Когда совершилась наша великая революция, вместе с ее исторически оправданной широтой вошла в новый быт и эта черта - противоречие между чрезмерным "перехватыванием" и привычкой к очень консервативным методам действия. Мало того, оказалось, что это, собственно, не только русская черта, потому что подобная светотень в сочетании чрезмерно нового с традицией, восходящей чуть ли не ко времени Чингисхана, известна и в других странах. Однако вернемся к Ленину. Вот что он говорит, развивая свою мысль о какофонии нового и старого:
"И поэтому наш теперешний быт соединяет в себе в поразительной степени черты отчаянно смелого с робостью мысли перед самыми малейшими изменениями.
Я думаю, что иначе и не бывало ни в одной действительно великой революции, потому что действительно великие революции рождаются из противоречия между старым, между направленным на разработку старого и абстрактнейшим стремлением к новому, которое должно быть так ново, чтобы ни одного грана старины в нем не было.
И чем круче эта революция, тем больше будет длиться то время, когда целый ряд таких противоречий будет держаться".
Если вы, уважаемый Константин Макарыч, изучали "Науку логики" Гегеля, вам понятна связь идей, которая могла привести и привела к этим выводам. Вы не станете так понимать, будто Ленин считал абстрактную противоположность старого и нового главным содержанием революционной диалектики. Напротив, он старался показать /и это у него в бесчисленных замечаниях рассыпано/, что новое и старое переходят друг в друга то на пользу революции, то во вред.
Но борьба все-таки есть! только она принимает более сложные формы. Чем круче революция, тем дольше будут держаться противоречия между "старым" и "абстрактнейшим стремлением к новому". Ленин видит в этом отчасти неизбежность, но отнюдь не считает ее безусловной, не возводит ее в абсолютное содержание процесса развития. И самое главное - ему не приходит в голову рассматривать эту черту стихийной исторической жизни в качестве нормы нашего поведения. Напротив, не только последние статьи, образующие подлинное завещание Ленина, но и вся его деятельность в послеоктябрьский период направлена к тому, чтобы по возможности избежать абстрактного на старой подкладке, чтобы превратить это противоречие в конкретное единство противоположных сторон, текущее в революционном направлении, - одним словом, сделать из этой нескладицы симфонию социализма.

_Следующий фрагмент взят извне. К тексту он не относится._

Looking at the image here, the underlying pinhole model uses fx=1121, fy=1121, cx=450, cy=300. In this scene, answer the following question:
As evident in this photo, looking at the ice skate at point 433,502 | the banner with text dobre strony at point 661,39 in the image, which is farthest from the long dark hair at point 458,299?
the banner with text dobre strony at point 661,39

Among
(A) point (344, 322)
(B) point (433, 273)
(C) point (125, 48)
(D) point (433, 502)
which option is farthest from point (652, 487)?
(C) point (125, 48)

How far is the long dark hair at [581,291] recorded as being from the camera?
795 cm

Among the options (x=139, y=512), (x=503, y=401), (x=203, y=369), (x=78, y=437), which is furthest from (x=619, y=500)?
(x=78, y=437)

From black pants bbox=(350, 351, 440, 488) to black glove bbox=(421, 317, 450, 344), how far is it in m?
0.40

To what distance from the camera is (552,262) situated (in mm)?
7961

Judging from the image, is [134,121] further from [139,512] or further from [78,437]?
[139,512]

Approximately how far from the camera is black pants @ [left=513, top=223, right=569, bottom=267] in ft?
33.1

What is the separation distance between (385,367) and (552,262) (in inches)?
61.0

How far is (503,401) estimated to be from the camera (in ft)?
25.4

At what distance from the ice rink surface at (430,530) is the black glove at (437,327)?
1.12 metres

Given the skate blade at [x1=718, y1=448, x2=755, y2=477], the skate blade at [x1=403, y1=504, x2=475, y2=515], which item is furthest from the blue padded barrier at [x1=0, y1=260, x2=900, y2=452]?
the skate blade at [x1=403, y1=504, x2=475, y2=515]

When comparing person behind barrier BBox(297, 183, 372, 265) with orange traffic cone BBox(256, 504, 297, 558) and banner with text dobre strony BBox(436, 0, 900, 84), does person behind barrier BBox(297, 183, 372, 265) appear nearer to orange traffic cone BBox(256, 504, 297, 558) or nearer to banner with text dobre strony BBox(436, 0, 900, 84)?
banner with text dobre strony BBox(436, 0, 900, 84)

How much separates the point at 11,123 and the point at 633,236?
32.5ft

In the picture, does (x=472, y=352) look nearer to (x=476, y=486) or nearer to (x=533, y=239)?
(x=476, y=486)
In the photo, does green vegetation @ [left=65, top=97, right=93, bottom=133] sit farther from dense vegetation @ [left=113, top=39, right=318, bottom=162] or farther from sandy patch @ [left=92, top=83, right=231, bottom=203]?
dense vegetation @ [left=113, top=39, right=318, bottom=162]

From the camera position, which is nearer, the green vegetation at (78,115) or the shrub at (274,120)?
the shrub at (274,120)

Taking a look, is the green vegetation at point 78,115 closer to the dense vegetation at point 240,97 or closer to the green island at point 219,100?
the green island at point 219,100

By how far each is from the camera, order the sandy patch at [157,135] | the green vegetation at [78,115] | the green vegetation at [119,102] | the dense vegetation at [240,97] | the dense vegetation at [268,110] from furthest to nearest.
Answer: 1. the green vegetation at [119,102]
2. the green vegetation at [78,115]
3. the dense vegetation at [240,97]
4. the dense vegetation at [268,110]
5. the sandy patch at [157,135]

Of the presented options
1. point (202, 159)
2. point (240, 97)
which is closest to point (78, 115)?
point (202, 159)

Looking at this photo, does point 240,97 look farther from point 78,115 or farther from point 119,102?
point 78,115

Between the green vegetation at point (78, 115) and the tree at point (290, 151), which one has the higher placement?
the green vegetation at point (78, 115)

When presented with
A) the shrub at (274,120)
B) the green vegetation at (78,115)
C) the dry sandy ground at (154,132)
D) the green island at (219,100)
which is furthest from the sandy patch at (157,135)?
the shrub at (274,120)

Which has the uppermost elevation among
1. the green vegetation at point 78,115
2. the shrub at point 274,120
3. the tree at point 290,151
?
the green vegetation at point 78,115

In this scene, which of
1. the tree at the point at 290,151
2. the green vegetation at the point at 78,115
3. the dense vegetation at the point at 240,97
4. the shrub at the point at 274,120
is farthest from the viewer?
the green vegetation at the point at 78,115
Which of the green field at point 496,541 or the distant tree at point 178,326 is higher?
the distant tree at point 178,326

Отсюда все его глубоко продуманные оценки различных фактов советского строительства и развития новой культуры, его недоверие ко всякому "перехватыванию", будто бы революционному, пролетарскому, футуристическому, за которым скрывалась та же стихия, что за мешочничеством, мелкобуржуазной анархией и ее неизбежным спутником - бюрократическим произволом. Трудно было в те времена предвидеть, какое направление и размах может приобрести мещанский нигилизм, "зряшное отрицание", заключенное в этой стихии, но, понимая всю неизбежность подобных примесей во всякой крутой революции, Ленин всю гениальную силу своих идей направил против новой опасности.

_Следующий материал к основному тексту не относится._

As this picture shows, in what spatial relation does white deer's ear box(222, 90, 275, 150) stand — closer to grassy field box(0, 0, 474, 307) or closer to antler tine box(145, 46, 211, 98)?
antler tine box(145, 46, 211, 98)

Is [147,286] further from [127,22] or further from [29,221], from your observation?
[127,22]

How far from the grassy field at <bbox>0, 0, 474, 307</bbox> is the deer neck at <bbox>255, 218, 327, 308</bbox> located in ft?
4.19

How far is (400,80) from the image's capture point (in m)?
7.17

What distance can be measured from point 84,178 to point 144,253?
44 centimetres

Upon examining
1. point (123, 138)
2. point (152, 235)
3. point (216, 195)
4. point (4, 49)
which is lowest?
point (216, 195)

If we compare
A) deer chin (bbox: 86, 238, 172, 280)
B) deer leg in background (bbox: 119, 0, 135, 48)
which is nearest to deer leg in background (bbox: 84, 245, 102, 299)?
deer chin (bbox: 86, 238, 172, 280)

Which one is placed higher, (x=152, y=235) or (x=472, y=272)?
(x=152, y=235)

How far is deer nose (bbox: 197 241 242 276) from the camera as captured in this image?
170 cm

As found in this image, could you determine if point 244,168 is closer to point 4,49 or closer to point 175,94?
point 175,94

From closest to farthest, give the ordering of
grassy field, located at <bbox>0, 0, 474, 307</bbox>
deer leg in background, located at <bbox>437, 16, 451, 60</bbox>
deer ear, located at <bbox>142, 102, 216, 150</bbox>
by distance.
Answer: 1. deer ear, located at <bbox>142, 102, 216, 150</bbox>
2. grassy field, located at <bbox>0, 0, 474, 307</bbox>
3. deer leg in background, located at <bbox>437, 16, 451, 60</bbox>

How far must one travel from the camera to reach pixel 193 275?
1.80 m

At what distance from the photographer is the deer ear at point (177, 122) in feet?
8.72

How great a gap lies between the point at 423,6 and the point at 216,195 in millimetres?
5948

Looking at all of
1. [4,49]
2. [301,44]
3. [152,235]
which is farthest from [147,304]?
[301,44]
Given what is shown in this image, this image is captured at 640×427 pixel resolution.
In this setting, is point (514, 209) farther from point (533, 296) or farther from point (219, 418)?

ОСОБЕННО НА ПОВОРОТЕ ЭКОНОМИЧЕСКОЙ ПОЛИТИКИ он не раз повторял, что революционные методы могут превратиться в собственную противоположность, когда люди начинают писать слово "революция" с большой буквы и возводят силу напора в нечто почти божественное. "Для настоящего революционера самой большой опасностью,- может быть, даже единственной опасностью,- является преувеличение революционности, забвение граней и условий уместного и успешного применения революционных приемов". Так писал Ленин в 1921 году.

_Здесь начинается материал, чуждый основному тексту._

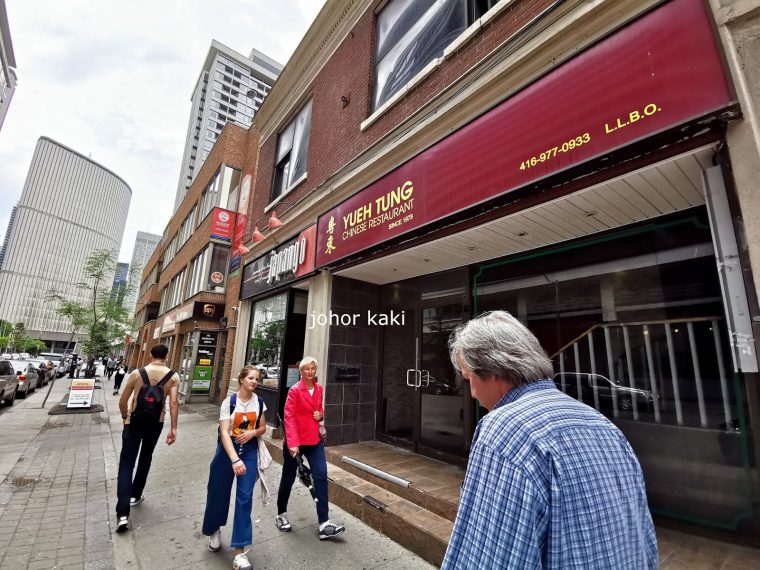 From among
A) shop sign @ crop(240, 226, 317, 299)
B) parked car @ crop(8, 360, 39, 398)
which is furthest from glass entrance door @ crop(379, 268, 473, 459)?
parked car @ crop(8, 360, 39, 398)

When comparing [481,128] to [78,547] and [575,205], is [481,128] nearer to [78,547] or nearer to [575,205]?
[575,205]

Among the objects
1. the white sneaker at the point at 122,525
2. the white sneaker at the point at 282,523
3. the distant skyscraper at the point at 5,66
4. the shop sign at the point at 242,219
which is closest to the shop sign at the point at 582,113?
the white sneaker at the point at 282,523

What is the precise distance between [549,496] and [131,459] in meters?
4.72

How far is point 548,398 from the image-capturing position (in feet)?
4.16

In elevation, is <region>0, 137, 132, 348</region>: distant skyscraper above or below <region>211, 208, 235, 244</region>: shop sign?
above

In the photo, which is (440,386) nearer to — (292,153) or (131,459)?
(131,459)

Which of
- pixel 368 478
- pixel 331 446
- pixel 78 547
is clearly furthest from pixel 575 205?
pixel 78 547

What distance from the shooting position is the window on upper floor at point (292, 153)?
365 inches

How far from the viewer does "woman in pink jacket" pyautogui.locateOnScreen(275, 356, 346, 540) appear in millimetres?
3879

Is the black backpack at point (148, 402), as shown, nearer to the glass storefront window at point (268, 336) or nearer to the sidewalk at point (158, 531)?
Result: the sidewalk at point (158, 531)

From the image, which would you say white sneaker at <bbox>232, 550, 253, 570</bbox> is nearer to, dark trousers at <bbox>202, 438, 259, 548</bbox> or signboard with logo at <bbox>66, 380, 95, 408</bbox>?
dark trousers at <bbox>202, 438, 259, 548</bbox>

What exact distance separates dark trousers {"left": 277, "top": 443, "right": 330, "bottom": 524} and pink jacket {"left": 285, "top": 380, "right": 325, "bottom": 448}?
0.11m

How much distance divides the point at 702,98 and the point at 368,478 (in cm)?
530

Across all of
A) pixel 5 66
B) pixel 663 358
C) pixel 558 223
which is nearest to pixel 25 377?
pixel 558 223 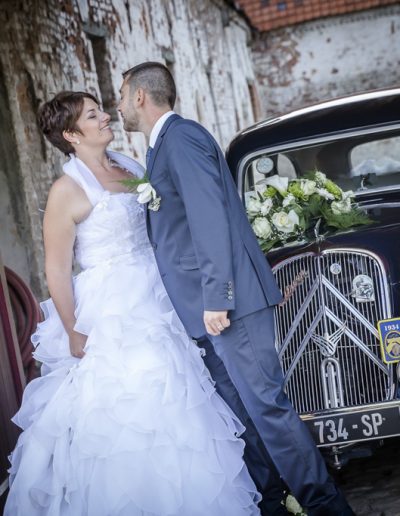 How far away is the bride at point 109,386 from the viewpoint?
356 cm

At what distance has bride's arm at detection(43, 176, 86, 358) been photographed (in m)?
3.90

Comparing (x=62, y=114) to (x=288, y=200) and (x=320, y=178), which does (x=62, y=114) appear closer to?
(x=288, y=200)

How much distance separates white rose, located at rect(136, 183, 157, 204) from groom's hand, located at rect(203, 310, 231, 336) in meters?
0.56

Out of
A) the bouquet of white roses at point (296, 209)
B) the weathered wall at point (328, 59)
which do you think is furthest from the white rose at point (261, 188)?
the weathered wall at point (328, 59)

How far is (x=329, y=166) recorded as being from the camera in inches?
225

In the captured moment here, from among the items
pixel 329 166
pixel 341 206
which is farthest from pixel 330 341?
pixel 329 166

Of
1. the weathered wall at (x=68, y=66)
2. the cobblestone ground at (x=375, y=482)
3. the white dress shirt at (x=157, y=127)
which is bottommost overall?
the cobblestone ground at (x=375, y=482)

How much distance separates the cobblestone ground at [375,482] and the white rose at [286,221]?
133 cm

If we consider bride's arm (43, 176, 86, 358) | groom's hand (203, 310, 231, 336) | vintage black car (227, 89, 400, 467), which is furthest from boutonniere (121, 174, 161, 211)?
vintage black car (227, 89, 400, 467)

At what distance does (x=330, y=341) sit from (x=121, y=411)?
1259 mm

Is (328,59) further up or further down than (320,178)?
further up

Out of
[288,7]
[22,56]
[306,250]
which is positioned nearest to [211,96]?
[288,7]

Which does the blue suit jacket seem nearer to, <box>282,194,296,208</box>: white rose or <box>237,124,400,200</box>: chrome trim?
<box>282,194,296,208</box>: white rose

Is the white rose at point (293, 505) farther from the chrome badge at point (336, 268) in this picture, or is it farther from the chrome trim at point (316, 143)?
the chrome trim at point (316, 143) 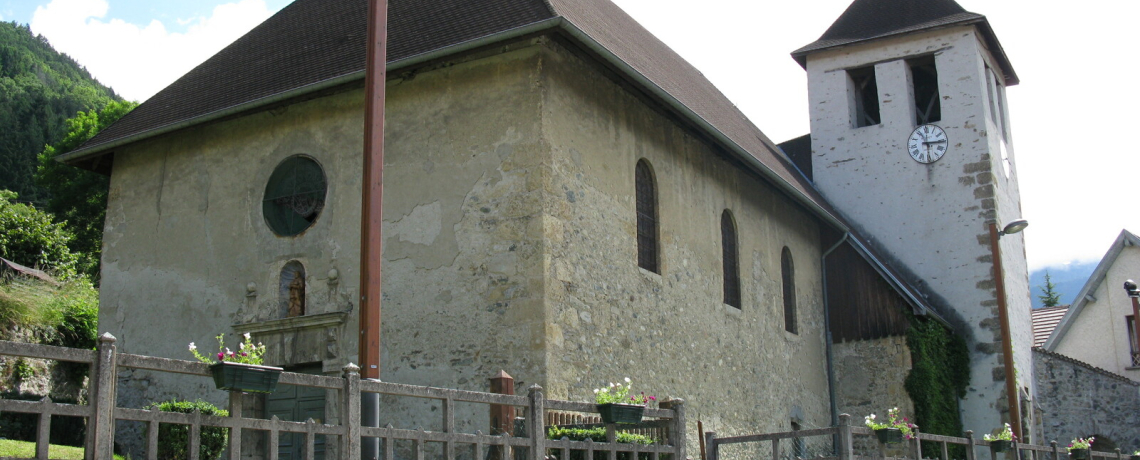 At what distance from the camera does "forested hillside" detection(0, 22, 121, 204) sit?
1914 inches

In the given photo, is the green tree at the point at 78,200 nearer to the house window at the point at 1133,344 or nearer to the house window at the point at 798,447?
the house window at the point at 798,447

Милый дедушка, Константин Макарыч! Я, конечно, не хочу судить о том, что является главной опасностью и что неглавной и когда именно. Такие вопросы лежат за пределами моей компетенции. Мне важно здесь только одно. Ленин проявлял величайшую настойчивость, повторяя десятки раз, что в настоящей, глубоко народной революции всегда является соблазн преувеличить значение субъективного вмешательства в ход событий и что таким путем в прежних революциях люди вернее всего ломали себе шею.
Отсюда его слова о "коммунистическом чванстве", в котором часто видят простой бытовой порок, когда, например, директор не замечает беспартийную уборщицу. Нет, дедушка, можно с уборщицей за ручку здороваться, а чванство остается. Ленин определяет комчванство как веру в приказ. А что такое всякое преувеличение военно-административного управления хозяйством и культурой, если не попытка подправить реальную картину мира в духе субъективной грезы, "абстрактнейшего стремления к новому"?
Мне, конечно, не приходит в голову, что нынешнее мнимое обновление марксизма в этом роде, имеющее у нас пока только слабых подражателей, есть признак слишком пылкой революционности. Но история - вещь сложная, более сложная, может быть, чем история травосеяния, хотя и тут сразу не разберешься, кто прав, кто виноват. Часто бывает так, что пылкость проходит, а привычка к тому, что объективную истину во имя высшей цели можно поворачивать в любую сторону, - остается. Бывает энтузиазм с палкой, бывает палка без энтузиазма. Но вы не смотрите, дедушка, на внешние формы и последние выводы, а смотрите в корень. Нам важно выяснить эпицентр этого землетрясения, как пишут люди ученые.
Мне и сейчас иногда приходит в голову, что "смирение" перед реальной историей необходимо. Пусть рассуждают пикейные жилеты, им это ничего не стоит. Смирение необходимо, однако смирение бывает разное! Вот Герцен, например, незадолго до смерти, когда он уже, по известному выражению, обратил свои взоры и Интернационалу Маркса, писал, что наука учит смирению. Этими словами он отрекался от бакунинской проповеди слепого революционного видения, этой напыщенной идеализации субъективного порыва, ведущей в тупик, известный теперь под именем казарменного коммунизма. Наука учит смирению перед объективной истиной, перед действительностью, и тем развязывает руки для свободного действия. Одним словом - это революционная наука. Она опирается на разум истории и достигает цели. Я думаю, милый дедушка, вы понимаете, что ранний сев в грязь - от недостатка этой науки в умах людей, а не от нее самой.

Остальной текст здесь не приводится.